Isn't it the best feeling when it all comes together?  And you made it look good too!


----------



## FOMOGO (Feb 10, 2018)

Some real nice welds on the intake. Not really a piece you want to screw up on. Nicely done. Mike


----------



## Aukai (Feb 11, 2018)

Thank you guys, I only hacked on the intake, that is a custom bought piece. I could only dream of being able to weld like that, the man has talent. If it can't go fast it has to look good, it's a 1970 Chevelle with a short deck, Dart block 572 CI by Mike Lewis.


----------



## Z2V (Feb 11, 2018)

Aukai said:


> If it can't go fast it has to look good, it's a 1970 Chevelle with a short deck, Dart block 572 CI by Mike Lewis.

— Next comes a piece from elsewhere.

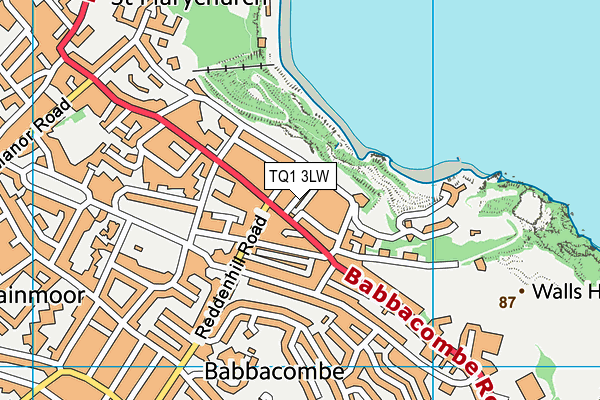 TQ1 3LW map - OS VectorMap District (Ordnance Survey)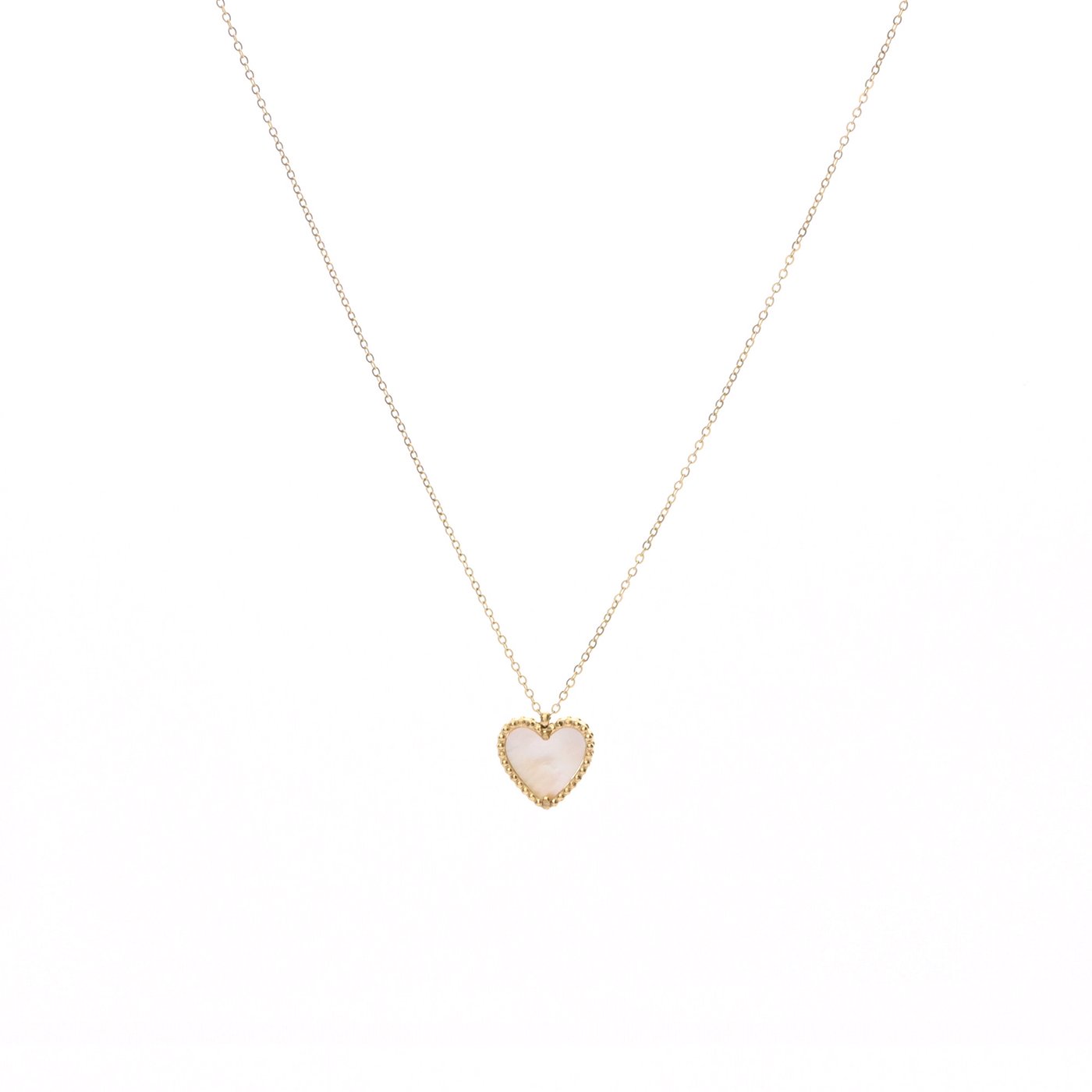 Collier en acier coeur texture et nacre GB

 Aukai, I think you have both bases covered! Nice work


----------



## Groundhog (Feb 11, 2018)

You have that car on Kauai? If so it shouldn't take you long to get anywhere!


----------



## Aukai (Feb 11, 2018)

That is why I'm claustrophobic I can drive in one direction for 1 hour, reach the end of the road, then turn around and go back. I'm kinda in the middle, so Left, or right, same story. My excitement is cruising, and going to the 1/4 mile track.


----------



## BROCKWOOD (Feb 11, 2018)

If you want it done right......................... & you did!  Looks nice. I too cannot claim to be a machinist - just a hobby. I can claim to be a Muscle Car loving Hot Rodder though. Mixing the 2 together is where it will be for me some day.

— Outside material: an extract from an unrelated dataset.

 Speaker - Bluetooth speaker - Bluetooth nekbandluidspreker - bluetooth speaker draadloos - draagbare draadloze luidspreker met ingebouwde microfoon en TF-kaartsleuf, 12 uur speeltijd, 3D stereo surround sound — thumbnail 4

I've been to Kauai - among the most beautiful places in the world.


----------



## Aukai (Feb 11, 2018)

My phone didn't ring


----------



## BROCKWOOD (Feb 11, 2018)

Ah, it was 1978 Aukai when I was a young musician playing gigs all over the USA. Some of my most memorable sunrises were on a cedar lined Kauai shore! Now that I'm a grandpa, next time will be much easier to get with fellow machine hobbyists.


----------



## Aukai (Feb 11, 2018)

HaHa, I was 6 years out of high school, looking for chicks.....


----------



## Bill Gruby (Feb 11, 2018)

That is amazing work my friend, simply amazing.

 "Billy G"


----------



## kvt (Feb 11, 2018)

So what will she do on the 1/4 with the mods.   Did you do the porting and polishing on it or did he.   Again looks nice.


----------



## Aukai (Feb 11, 2018)

The intake was done by John Marcella, the heads were done by Darin Morgan. In my street car that goes to the track, I would be happy to go mid 9 sec. In a light weight purpose built race car like a Camaro it would run in the middle 8 sec @ 150+ MPH. Thank you for the kind words.


----------